:: Data to examine ::

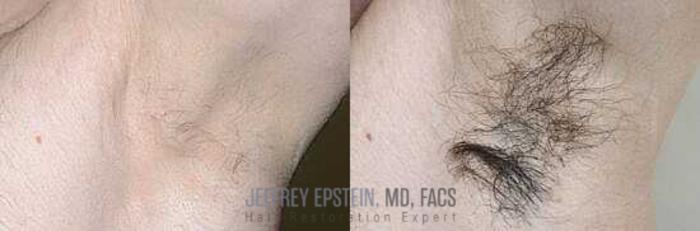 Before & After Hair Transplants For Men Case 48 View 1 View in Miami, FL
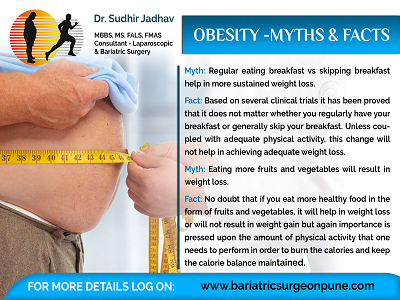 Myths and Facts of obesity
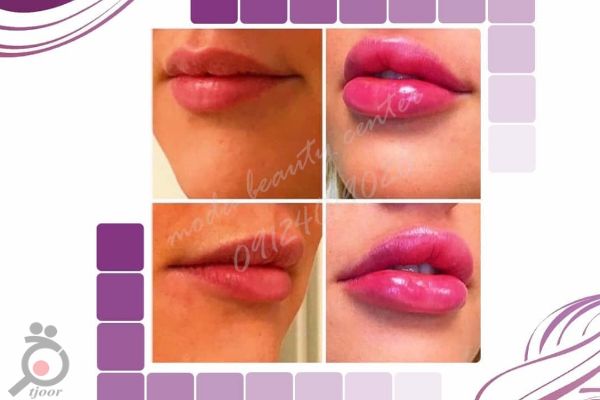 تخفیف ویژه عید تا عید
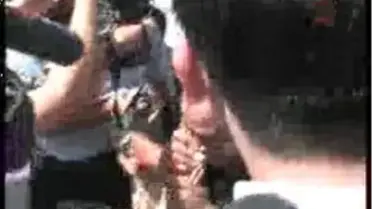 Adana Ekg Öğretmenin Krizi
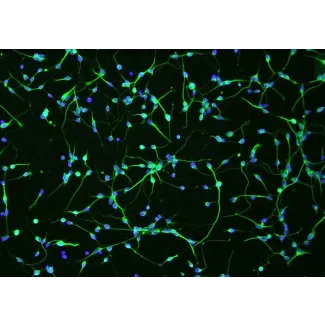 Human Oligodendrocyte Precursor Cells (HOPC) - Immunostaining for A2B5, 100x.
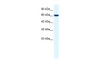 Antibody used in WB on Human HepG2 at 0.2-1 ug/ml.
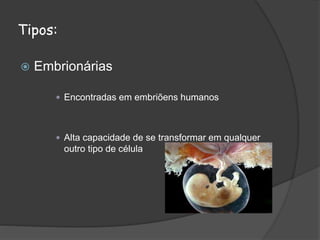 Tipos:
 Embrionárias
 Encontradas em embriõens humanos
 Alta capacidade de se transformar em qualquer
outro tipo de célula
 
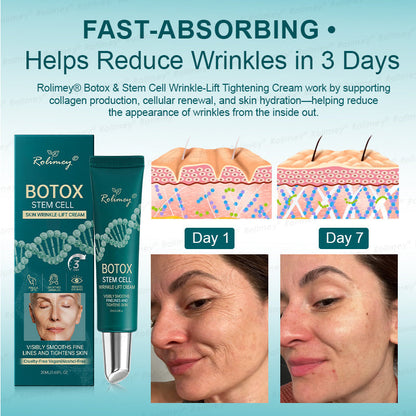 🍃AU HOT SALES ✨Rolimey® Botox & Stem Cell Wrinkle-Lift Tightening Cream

:::

Exercise brief: Without the pictures, print the whole listing exactly as given.

Response box:
 Before & After Hair Transplants For Men Case 48 View 1 View in Miami, FL
 Myths and Facts of obesity
 تخفیف ویژه عید تا عید
 Adana Ekg Öğretmenin Krizi
 Human Oligodendrocyte Precursor Cells (HOPC) - Immunostaining for A2B5, 100x.
 Antibody used in WB on Human HepG2 at 0.2-1 ug/ml.
 Tipos:
 Embrionárias
 Encontradas em embriõens humanos
 Alta capacidade de se transformar em qualquer
outro tipo de célula
 
 🍃AU HOT SALES ✨Rolimey® Botox & Stem Cell Wrinkle-Lift Tightening Cream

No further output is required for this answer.